The map file proves that space is allocated only for the larger or the 2 components, in this case, the memTab[] structure. No additional data memory is allocated for the output[8] buffer.



| .secmTabShare | 1 | 00000b40 | 0000000a |                                                       |  |
|---------------|---|----------|----------|-------------------------------------------------------|--|
|               | 0 | 0000b40  | 0000000a | <pre>md5_main.obj (.secmTabShare) [fill = beef]</pre> |  |

Typically the framework will be larger and contain bigger buffers than in this MD5 example.
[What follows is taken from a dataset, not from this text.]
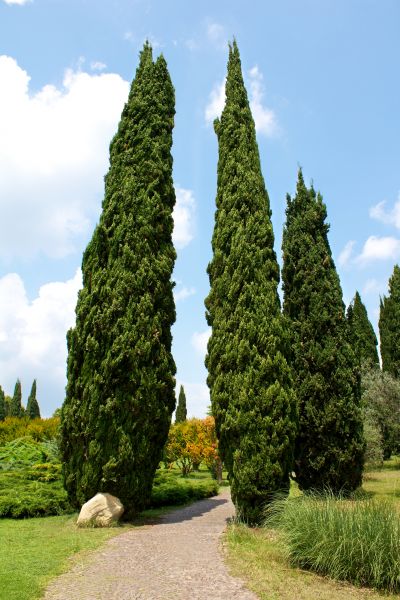 Cost of Cypress Tree Removal in Johnson City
If we can find large enough application buffers, the entire memTab[] memory can be reclaimed.

Table 12. Additional Overhead for IALG Interface Usage

| Category       | Memory map Section  | Size (words)<br>or Number Cycles |
|----------------|---------------------|----------------------------------|
| Program Memory | .text + subsections | 0x58                             |
| Data Memory    | .cinit              | 0xd                              |
| Data Memory    | .bss                | 0xb                              |
| Data Memory    | .const              | 0x9                              |
| Data Memory    | memTab[] structure  | 0x2                              |
| MIPS           | N/A                 | 25 cycles                        |

## 11 Build 8 – Overlaying Program and Data – Reclaiming algInit() Memory

The largest contributing factor to the remaining Standard overhead is clearly in the program memory of the algInit() function. It represents the only Standard program code element left to be eliminated, however as stated previously, algInit() must always be called in all frameworks.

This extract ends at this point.